►

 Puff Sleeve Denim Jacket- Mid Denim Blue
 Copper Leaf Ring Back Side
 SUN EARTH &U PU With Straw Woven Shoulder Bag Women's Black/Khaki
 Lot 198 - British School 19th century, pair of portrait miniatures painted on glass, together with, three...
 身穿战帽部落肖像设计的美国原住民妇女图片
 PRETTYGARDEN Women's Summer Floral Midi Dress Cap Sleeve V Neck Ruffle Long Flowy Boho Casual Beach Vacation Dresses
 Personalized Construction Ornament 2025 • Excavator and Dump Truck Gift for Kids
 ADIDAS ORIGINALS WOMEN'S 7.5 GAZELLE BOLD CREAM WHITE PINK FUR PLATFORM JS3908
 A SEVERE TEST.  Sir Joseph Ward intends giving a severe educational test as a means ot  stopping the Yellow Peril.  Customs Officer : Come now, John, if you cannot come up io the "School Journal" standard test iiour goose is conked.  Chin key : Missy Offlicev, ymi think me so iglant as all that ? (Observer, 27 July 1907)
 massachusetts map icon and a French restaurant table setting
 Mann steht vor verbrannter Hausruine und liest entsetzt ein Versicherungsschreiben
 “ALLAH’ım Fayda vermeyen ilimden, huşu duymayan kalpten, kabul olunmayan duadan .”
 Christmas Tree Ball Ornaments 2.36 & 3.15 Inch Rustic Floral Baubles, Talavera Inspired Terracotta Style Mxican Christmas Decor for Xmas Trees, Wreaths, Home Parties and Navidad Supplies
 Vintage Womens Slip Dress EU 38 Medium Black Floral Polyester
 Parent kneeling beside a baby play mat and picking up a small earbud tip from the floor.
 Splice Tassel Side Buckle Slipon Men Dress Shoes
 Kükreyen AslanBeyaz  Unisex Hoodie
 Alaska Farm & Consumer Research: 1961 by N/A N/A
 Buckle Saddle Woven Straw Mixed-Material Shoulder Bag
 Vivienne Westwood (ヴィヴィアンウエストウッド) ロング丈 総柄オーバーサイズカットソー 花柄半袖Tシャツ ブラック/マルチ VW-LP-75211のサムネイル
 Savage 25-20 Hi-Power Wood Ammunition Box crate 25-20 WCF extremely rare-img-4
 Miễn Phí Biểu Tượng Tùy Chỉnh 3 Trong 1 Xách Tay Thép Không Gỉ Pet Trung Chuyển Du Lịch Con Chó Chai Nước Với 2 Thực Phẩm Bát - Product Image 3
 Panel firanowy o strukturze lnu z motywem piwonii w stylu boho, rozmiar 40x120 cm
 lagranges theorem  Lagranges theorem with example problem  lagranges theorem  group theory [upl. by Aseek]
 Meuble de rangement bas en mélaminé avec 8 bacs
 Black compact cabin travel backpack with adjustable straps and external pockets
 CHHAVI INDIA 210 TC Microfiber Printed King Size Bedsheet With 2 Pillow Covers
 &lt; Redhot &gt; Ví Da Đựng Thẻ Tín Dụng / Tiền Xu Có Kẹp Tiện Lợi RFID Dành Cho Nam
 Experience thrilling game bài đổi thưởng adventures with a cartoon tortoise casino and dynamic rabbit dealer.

◄

* [Work request]: All entries above need to be copied verbatim.

* [Result of the task]:
 Puff Sleeve Denim Jacket- Mid Denim Blue
 Copper Leaf Ring Back Side
 SUN EARTH &U PU With Straw Woven Shoulder Bag Women's Black/Khaki
 Lot 198 - British School 19th century, pair of portrait miniatures painted on glass, together with, three...
 身穿战帽部落肖像设计的美国原住民妇女图片
 PRETTYGARDEN Women's Summer Floral Midi Dress Cap Sleeve V Neck Ruffle Long Flowy Boho Casual Beach Vacation Dresses
 Personalized Construction Ornament 2025 • Excavator and Dump Truck Gift for Kids
 ADIDAS ORIGINALS WOMEN'S 7.5 GAZELLE BOLD CREAM WHITE PINK FUR PLATFORM JS3908
 A SEVERE TEST.  Sir Joseph Ward intends giving a severe educational test as a means ot  stopping the Yellow Peril.  Customs Officer : Come now, John, if you cannot come up io the "School Journal" standard test iiour goose is conked.  Chin key : Missy Offlicev, ymi think me so iglant as all that ? (Observer, 27 July 1907)
 massachusetts map icon and a French restaurant table setting
 Mann steht vor verbrannter Hausruine und liest entsetzt ein Versicherungsschreiben
 “ALLAH’ım Fayda vermeyen ilimden, huşu duymayan kalpten, kabul olunmayan duadan .”
 Christmas Tree Ball Ornaments 2.36 & 3.15 Inch Rustic Floral Baubles, Talavera Inspired Terracotta Style Mxican Christmas Decor for Xmas Trees, Wreaths, Home Parties and Navidad Supplies
 Vintage Womens Slip Dress EU 38 Medium Black Floral Polyester
 Parent kneeling beside a baby play mat and picking up a small earbud tip from the floor.
 Splice Tassel Side Buckle Slipon Men Dress Shoes
 Kükreyen AslanBeyaz  Unisex Hoodie
 Alaska Farm & Consumer Research: 1961 by N/A N/A
 Buckle Saddle Woven Straw Mixed-Material Shoulder Bag
 Vivienne Westwood (ヴィヴィアンウエストウッド) ロング丈 総柄オーバーサイズカットソー 花柄半袖Tシャツ ブラック/マルチ VW-LP-75211のサムネイル
 Savage 25-20 Hi-Power Wood Ammunition Box crate 25-20 WCF extremely rare-img-4
 Miễn Phí Biểu Tượng Tùy Chỉnh 3 Trong 1 Xách Tay Thép Không Gỉ Pet Trung Chuyển Du Lịch Con Chó Chai Nước Với 2 Thực Phẩm Bát - Product Image 3
 Panel firanowy o strukturze lnu z motywem piwonii w stylu boho, rozmiar 40x120 cm
 lagranges theorem  Lagranges theorem with example problem  lagranges theorem  group theory [upl. by Aseek]
 Meuble de rangement bas en mélaminé avec 8 bacs
 Black compact cabin travel backpack with adjustable straps and external pockets
 CHHAVI INDIA 210 TC Microfiber Printed King Size Bedsheet With 2 Pillow Covers
 &lt; Redhot &gt; Ví Da Đựng Thẻ Tín Dụng / Tiền Xu Có Kẹp Tiện Lợi RFID Dành Cho Nam
 Experience thrilling game bài đổi thưởng adventures with a cartoon tortoise casino and dynamic rabbit dealer.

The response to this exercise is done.